A Crown of Feathers.
by Isaac Bashevis Singer.
Farrar, Straus & Giroux. 342 pp. $8.95.

A Shtetl and other Yiddish Novellas.
Edited, with Introductions and Notes, by Ruth R. Wisse.
Behrman House. 364 pp. $12.50.

In the mind of the English-speaking reader, Isaac Bashevis Singer stands almost alone, the single representative of Yiddish writing; as a result of this uniqueness he has both benefited and suffered from the peculiarly awed and mystified response that might well be accorded a literary Martian. Although he has lived in this country since 1935, and many of the stories in his latest collection, A Crown of Feathers, take place in the U.S., it would be a genuine mistake either to compare him with American Jewish writers or to try to place him, however marginally, within their tradition. Reading the stories in this book that deal with familiar places in New York City, you think: he writes like a foreigner—and of course, he is one. It is not a mistake, though, nor does it in any way diminish the extraordinary range and vitality of his work, to connect him with that tradition to which he clearly belongs—Yiddish literature, or more accurately, Jewish writers writing in Yiddish. That this distinction, seemingly an academic one, is rarely raised as an issue, offers an important clue toward understanding the problem faced by Yiddish writers and, to some degree, their audience; that it has been raised at all is to the credit of Ruth R. Wisse, in her new book, A Shtetl and Other Yiddish Novellas. Mrs. Wisse, the author of The Schlemiel as Modern Hero, a critical study of modern Jewish fiction, has in the present volume anthologized five previously untranslated Yiddish novellas. She has also provided the reader with a thorough, thoughtful historical and critical overview in her introduction and notes.

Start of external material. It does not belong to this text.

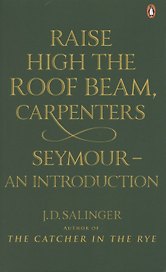 Raise High the Roof Beam, Carpenters  Seymour - an Introduction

The primary problem of Yiddish literature has generally been considered to be its inaccessibility: that is, so much of it has gone untranslated and hence unread. Although this is presently true—with Singer the notable exception—there was a time, Mrs. Wisse points out, that time in which the novellas in her anthology were written, just before World War I, when Yiddish was the language of large numbers of people, the language of “more Jews than had ever spoken a single Jewish language at any one time.” It would seem, then, that Yiddish would have been the natural choice for any Jewish writer, offering as much possibility for expression and literary achievement as his talents would allow—as natural a choice, for example, as writing in Italian would be for an Italian writer. Of course, this was not ever so, partly because, as the early Zionists said, the Jews were a people with a history but no geography, but more significantly, because those writers who chose to write in Yiddish felt imbued with a special mission to their people, an extra-literary obligation the nature of which varied according to the writer and to the particular time in which he lived. Essentially they perceived their task to be an educational one: to awaken, to enlighten, to sweep away the self-imposed darkness of backwater shtetl life. Many Yiddish writers who began their careers in fury, writing harsh satires and undisguised harangues, ended as displaced, heartbroken romantics, even sentimentalists, not because of the mellowing toll of old age, but because that world which they, in love-hate, had excoriated and tried to shake up had been shaken into dissolution before their eyes—by economic crises, by pogroms, by emigration.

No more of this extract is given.